*** Entries provided ***
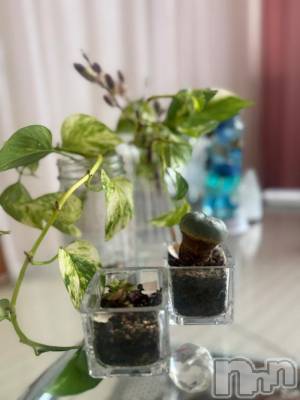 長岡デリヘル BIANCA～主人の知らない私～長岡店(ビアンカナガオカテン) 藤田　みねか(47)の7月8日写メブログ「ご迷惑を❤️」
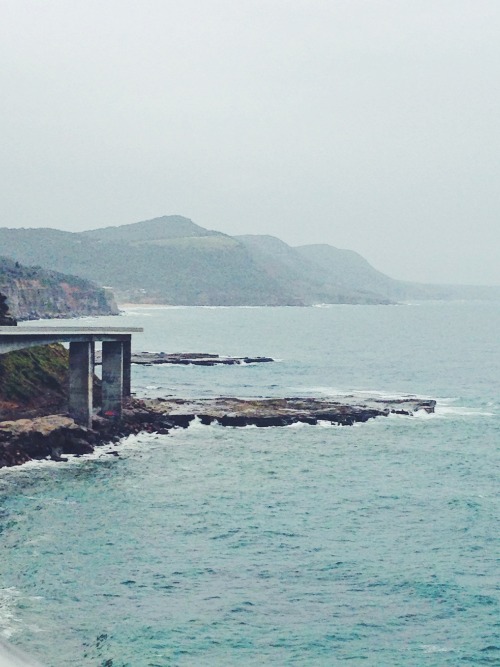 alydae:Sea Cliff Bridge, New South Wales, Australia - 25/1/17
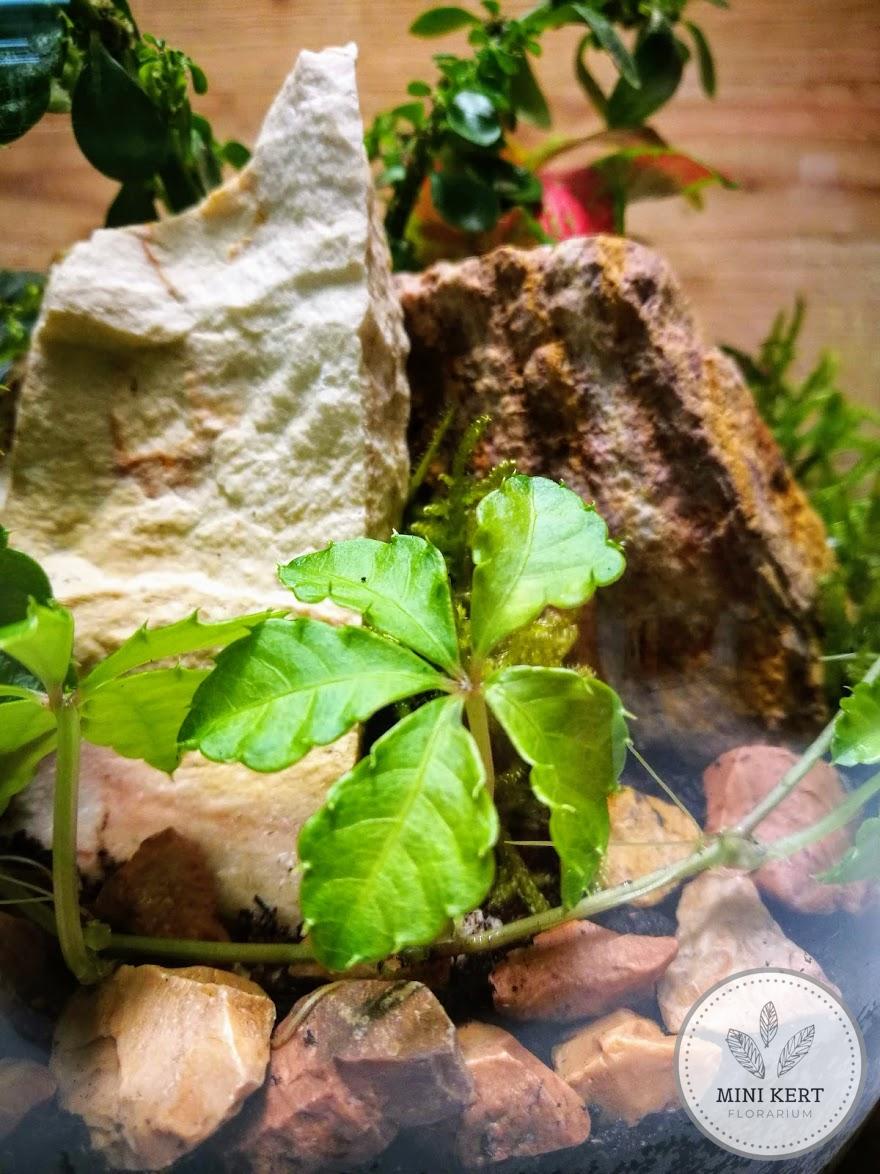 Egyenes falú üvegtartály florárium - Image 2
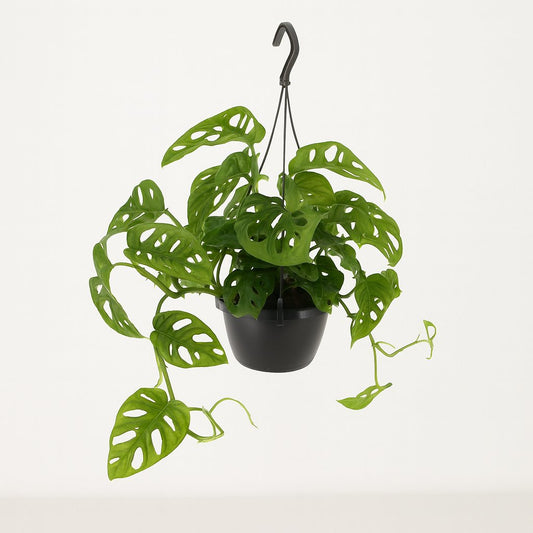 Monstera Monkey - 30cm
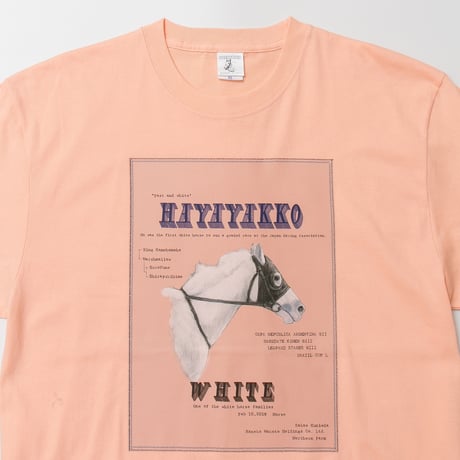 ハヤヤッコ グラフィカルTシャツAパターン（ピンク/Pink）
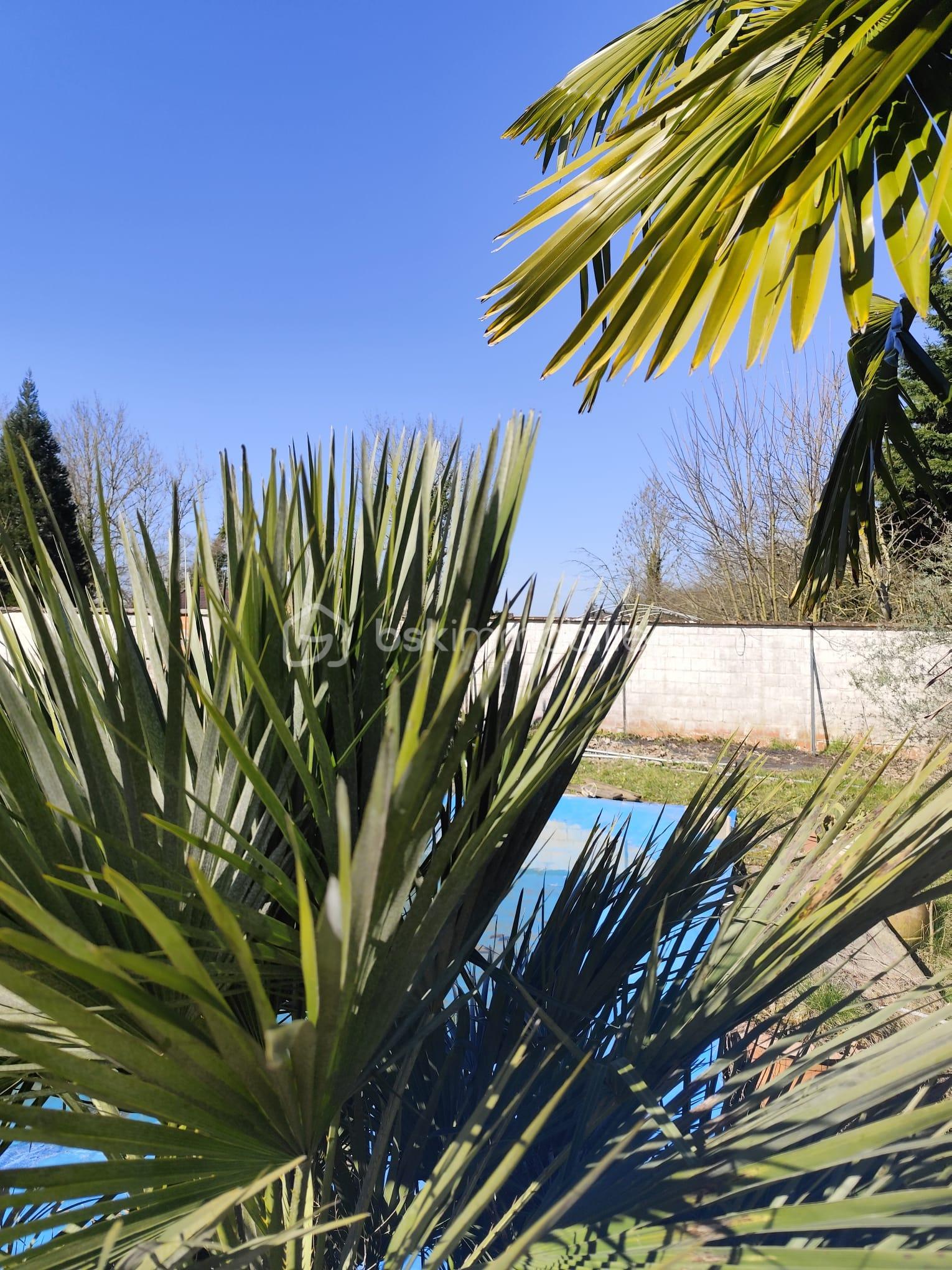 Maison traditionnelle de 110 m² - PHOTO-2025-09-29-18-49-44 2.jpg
*** End of Entries provided ***
[What the task asks] Return all the data exactly, and keep the pictures out.

[Result of this task]
 長岡デリヘル BIANCA～主人の知らない私～長岡店(ビアンカナガオカテン) 藤田　みねか(47)の7月8日写メブログ「ご迷惑を❤️」
 alydae:Sea Cliff Bridge, New South Wales, Australia - 25/1/17
 Egyenes falú üvegtartály florárium - Image 2
 Monstera Monkey - 30cm
 ハヤヤッコ グラフィカルTシャツAパターン（ピンク/Pink）
 Maison traditionnelle de 110 m² - PHOTO-2025-09-29-18-49-44 2.jpg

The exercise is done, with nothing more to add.